[Stored data entries]

--------------------------------

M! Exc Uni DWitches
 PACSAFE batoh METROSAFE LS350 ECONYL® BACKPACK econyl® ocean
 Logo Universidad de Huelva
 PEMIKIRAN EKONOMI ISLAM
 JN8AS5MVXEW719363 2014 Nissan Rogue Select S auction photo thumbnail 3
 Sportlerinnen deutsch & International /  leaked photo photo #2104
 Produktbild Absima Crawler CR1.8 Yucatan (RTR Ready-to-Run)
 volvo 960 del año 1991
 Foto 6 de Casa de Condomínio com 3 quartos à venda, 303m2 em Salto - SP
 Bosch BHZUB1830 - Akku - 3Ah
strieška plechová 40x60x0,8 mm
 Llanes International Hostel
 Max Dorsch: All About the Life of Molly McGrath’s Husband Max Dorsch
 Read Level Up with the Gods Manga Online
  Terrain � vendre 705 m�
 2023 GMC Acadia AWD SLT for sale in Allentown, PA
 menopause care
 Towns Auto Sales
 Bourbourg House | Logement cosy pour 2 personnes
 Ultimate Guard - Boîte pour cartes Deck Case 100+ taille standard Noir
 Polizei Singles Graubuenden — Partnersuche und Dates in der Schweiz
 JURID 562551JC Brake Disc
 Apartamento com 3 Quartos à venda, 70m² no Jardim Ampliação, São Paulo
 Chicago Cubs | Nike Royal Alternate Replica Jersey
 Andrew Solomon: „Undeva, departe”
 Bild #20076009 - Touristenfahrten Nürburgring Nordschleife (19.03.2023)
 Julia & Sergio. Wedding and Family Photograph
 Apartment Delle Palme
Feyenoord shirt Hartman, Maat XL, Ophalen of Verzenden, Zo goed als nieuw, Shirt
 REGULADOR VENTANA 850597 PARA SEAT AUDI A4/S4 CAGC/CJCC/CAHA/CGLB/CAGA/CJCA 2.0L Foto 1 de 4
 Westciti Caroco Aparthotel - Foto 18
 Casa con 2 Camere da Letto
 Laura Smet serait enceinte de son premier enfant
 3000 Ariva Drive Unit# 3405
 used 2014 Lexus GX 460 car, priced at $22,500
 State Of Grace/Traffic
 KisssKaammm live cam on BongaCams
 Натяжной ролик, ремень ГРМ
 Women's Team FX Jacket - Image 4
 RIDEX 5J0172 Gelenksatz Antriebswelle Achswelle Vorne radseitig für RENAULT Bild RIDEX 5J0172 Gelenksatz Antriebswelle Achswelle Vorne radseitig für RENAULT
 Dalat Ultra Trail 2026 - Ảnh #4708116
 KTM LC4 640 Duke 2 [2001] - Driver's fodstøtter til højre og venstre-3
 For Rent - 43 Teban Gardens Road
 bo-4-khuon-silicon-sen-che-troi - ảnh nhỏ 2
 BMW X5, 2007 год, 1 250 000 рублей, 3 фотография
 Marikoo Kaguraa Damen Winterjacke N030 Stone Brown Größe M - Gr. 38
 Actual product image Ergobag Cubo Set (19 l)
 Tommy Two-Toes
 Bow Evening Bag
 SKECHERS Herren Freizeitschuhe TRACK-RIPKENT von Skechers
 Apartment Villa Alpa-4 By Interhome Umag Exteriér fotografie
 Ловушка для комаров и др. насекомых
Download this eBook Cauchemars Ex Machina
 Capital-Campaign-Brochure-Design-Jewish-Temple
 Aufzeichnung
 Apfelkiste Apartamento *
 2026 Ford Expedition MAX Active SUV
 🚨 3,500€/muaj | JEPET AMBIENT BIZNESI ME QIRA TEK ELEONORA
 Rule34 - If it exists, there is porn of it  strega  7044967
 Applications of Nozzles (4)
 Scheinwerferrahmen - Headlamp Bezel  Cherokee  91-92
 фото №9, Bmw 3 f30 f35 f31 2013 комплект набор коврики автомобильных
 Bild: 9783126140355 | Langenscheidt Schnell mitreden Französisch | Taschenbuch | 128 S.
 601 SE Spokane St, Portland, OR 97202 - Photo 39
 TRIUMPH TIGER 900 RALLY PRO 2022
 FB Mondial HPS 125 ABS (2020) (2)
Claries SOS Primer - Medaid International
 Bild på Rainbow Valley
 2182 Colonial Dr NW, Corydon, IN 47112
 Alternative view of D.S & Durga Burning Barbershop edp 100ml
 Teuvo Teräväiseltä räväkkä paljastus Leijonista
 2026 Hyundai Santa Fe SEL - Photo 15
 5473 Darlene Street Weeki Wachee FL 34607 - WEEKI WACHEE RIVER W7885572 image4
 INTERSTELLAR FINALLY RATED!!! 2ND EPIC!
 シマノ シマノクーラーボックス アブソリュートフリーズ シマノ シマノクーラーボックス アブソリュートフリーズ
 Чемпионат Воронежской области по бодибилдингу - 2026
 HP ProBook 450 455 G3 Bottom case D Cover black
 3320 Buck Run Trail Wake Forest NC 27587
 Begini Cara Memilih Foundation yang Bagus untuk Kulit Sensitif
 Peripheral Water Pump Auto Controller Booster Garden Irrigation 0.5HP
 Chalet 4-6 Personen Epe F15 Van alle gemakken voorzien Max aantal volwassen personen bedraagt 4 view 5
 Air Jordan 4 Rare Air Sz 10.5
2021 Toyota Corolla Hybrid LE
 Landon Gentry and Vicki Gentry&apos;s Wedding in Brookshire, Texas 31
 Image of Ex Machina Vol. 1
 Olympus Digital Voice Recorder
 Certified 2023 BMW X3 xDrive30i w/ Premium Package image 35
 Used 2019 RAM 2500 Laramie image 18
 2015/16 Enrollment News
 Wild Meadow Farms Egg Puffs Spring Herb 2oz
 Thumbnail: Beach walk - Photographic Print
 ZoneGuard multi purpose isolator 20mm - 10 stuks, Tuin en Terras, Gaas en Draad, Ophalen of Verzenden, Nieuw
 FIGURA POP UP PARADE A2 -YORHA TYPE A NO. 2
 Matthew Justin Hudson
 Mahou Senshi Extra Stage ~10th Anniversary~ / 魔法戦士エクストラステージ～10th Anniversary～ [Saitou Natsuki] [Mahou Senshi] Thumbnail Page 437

--------------------------------

Problem requirements:
Going through the data above, count each line that contains "International" and give only that figure.

Written solution:
3